• [Your task] Repeat every record below exactly, but leave out any pictures.
(Beginning of Material provided)
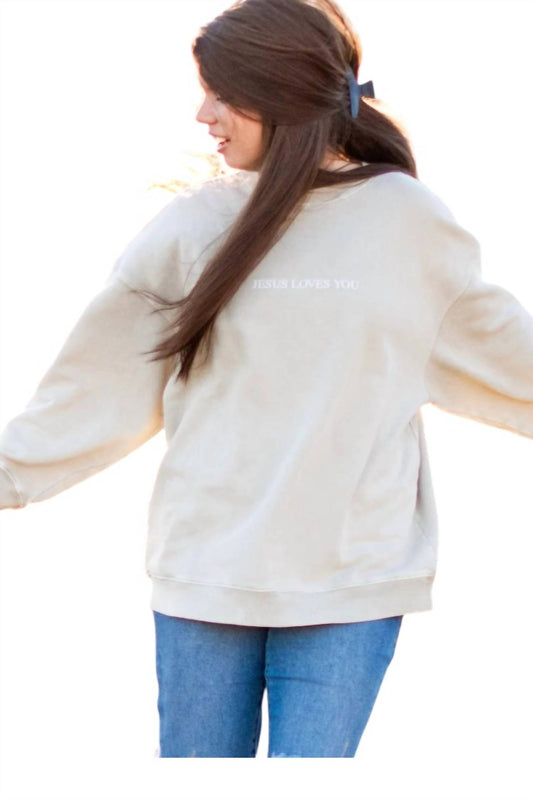 Jesus Loves You Adult French Terry Crewneck Sweatshirt
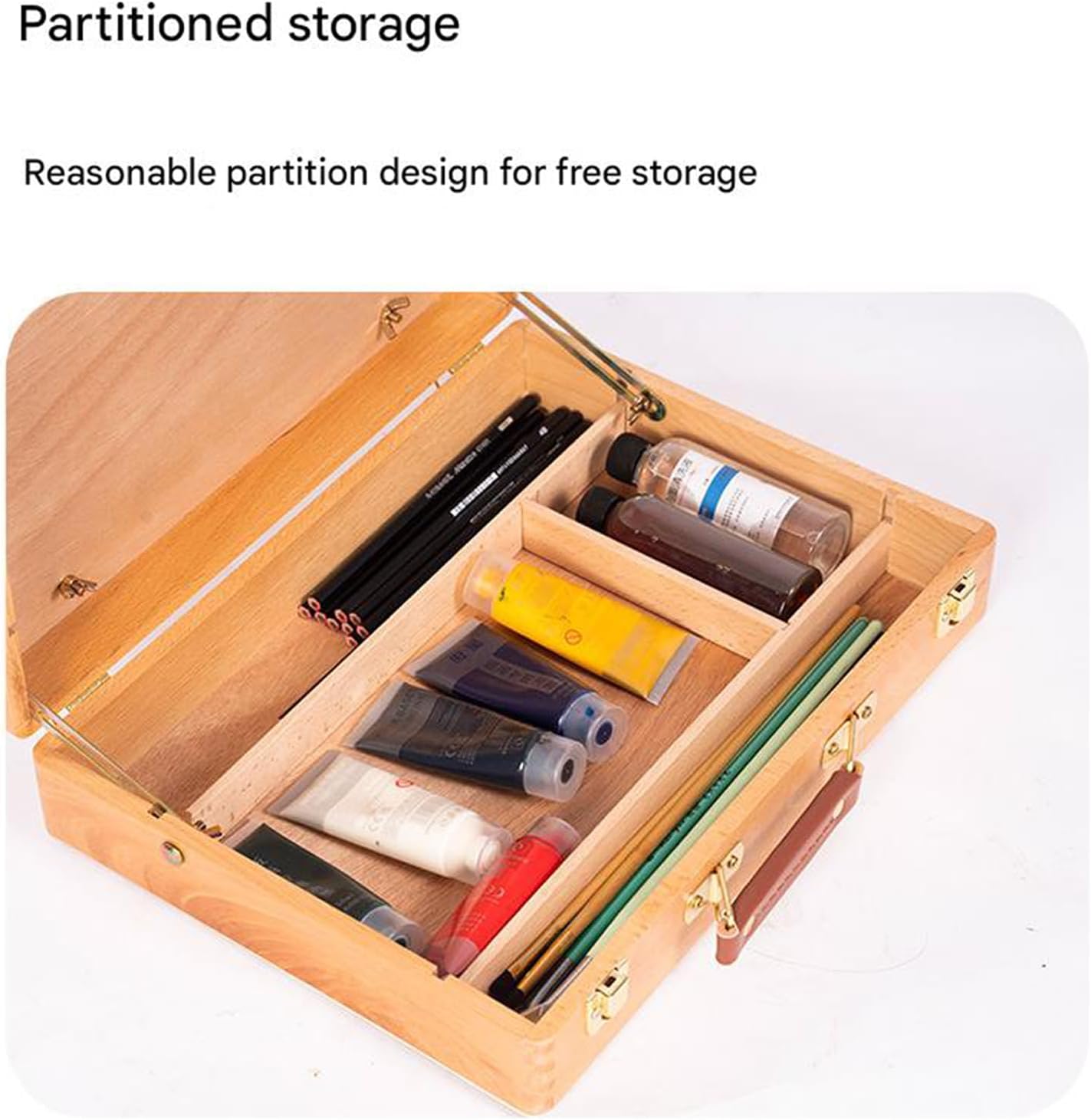 Adjustable Sketching Easel Foldable Design Multiple Compartments Indoor Outdoor Wooden Sketch Box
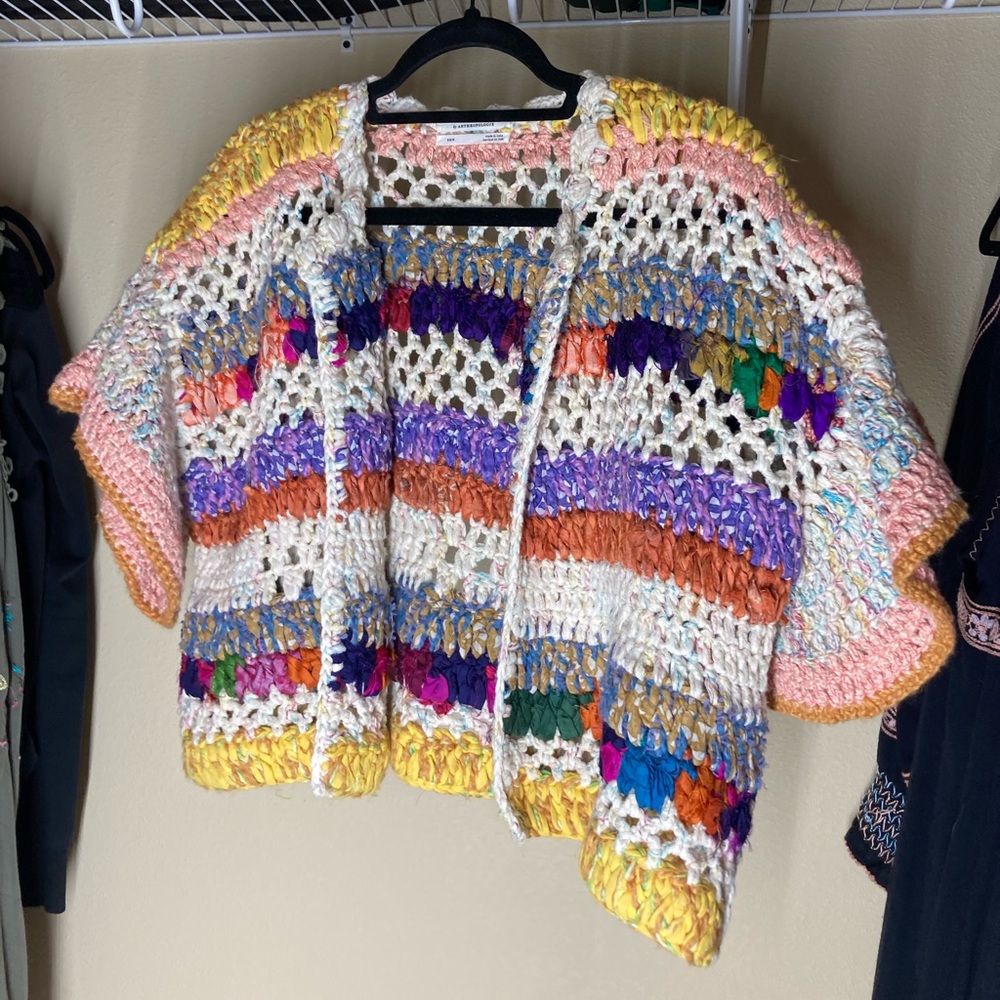 Anthropology Rainbow Crochet Short-Sleeve Cardigan XS/S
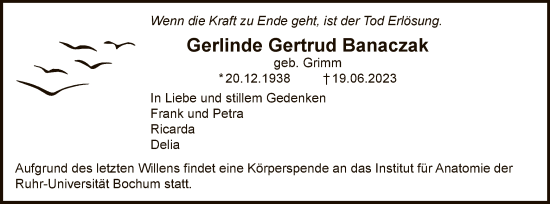 Todesanzeige von Gerlinde Gertrud Banaczak von WA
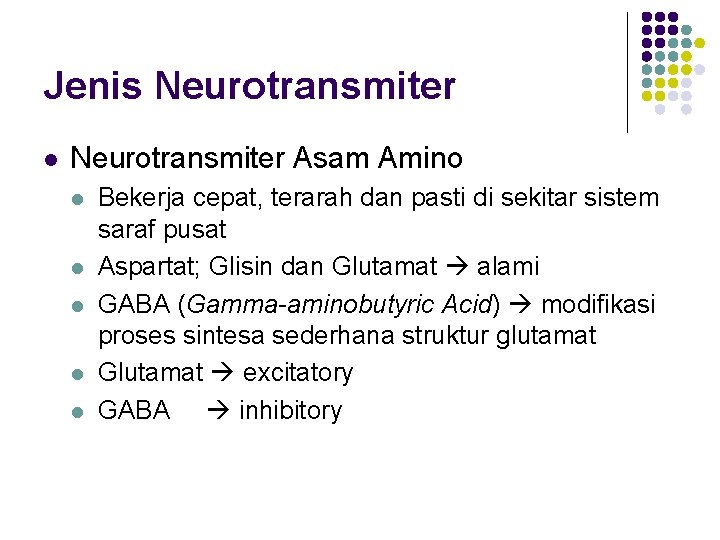Jenis Neurotransmiter l Neurotransmiter Asam Amino l l l Bekerja cepat, terarah dan pasti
(End of Material provided)
• [Task output]
 Jesus Loves You Adult French Terry Crewneck Sweatshirt
 Adjustable Sketching Easel Foldable Design Multiple Compartments Indoor Outdoor Wooden Sketch Box
 Anthropology Rainbow Crochet Short-Sleeve Cardigan XS/S
 Todesanzeige von Gerlinde Gertrud Banaczak von WA
Jenis Neurotransmiter l Neurotransmiter Asam Amino l l l Bekerja cepat, terarah dan pasti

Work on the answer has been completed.